On est dans une société de la post-pénurie, autant dire de l'abondance généralisée, sans d'ailleurs que ses moyens soient indiqués, le levier du changement social ayant été l'enregistrement et l'immortalité qu'il engendre. On est aussi dans une société de l'information, et de l'estime : le nécessaire étant de toute façon assuré, la richesse est constituée par l'estime d'autrui accumulée dans la réalité et sur l'internet, stockée et affichée comme dans quelque jeu vidéo. L'effondrement de la cote personnelle ayant tout de même des conséquences assez désagréables. Et le travail perdure, manifestement fort limité, sous la forme en particulier du système des “adhocs”, associations dans un but déterminé, ad hoc

Des détails se nichent encore dans les coins, même si celui qui me vient à l'esprit me pose un léger problème par rapport au traducteur, la moissonneuse sous-marine en métaux lourds qui ne fait que passer au détour d'une phrase me semblant relever plutôt de la chasse aux nodules polymétaliques. Cela dit, un wagon de choses sont probablement oubliées ici. Ne serait-ce que les souvenirs d'université du narrateur, racontant comment on est passé d'une société à l'autre, et qui pourraient fort bien relever de la relecture des mouvements de 68 à un moment de généralisation de la société de consommation dans les pays et les groupes sociaux concernés.

Voilà donc un tombereau de choses qui font que l'on est bien en pleine S.-F. Plus même que quand il s'agit de sauver le monde. Et que c'est sacrément intéressant. Même si, bien entendu, on peut ergoter. En particulier sur la thématique de l'enregistrement/résurrection. Qui me rappelle une discussion datant de bon nombre d'années, à propos d'autres livres, avec notre vénéré rédacteurenchef. Car si le ressuscité a tous les souvenirs antérieurs, du moins jusqu'au moment de l'enregistrement, et s'il se sent le même, je crains qu'il n'en aille pas vraiment de même de la version antérieure, laquelle me semble bel et bien morte. Ce qui fait que la société peut avoir intérêt à la conserver pour différentes raisons, mais que l'individu lui-même n'a pas grand-chose à gagner, et tout à perdre, à ce jeu-là. Ce qui rend à mon sens peu plausible divers développements.

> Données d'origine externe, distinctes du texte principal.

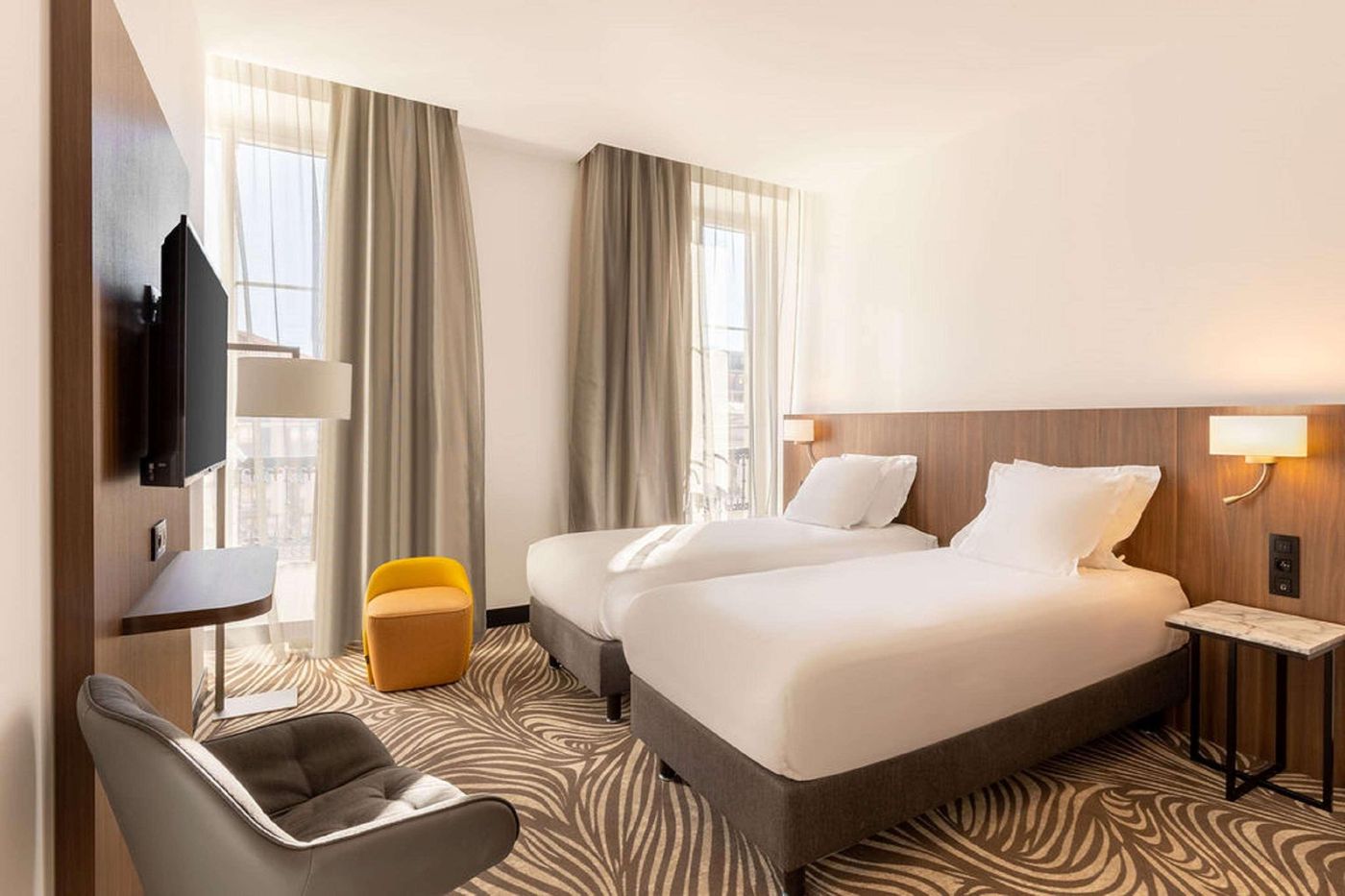 Apollinaire-Nice-Room-11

Mais c'est là sans doute un débat éminemment métaphysique… Et cela ne devrait pas empêcher de lire avec plaisir le premier volume d'un auteur inconnu en France, dont on devrait logiquement entendre de nouveau parler2, et que Folio offre en inédit au format de poche, comme cela se faisait en S.-F. il y a une génération… Grâces lui en soit rendues. Et tant pis pour ceux qui passeront à côté.

Notes

  1. Le livre est paru à l'origine en 2003.
  2. Cf. critique de Someone comes to town, someone leaves town — NdlR.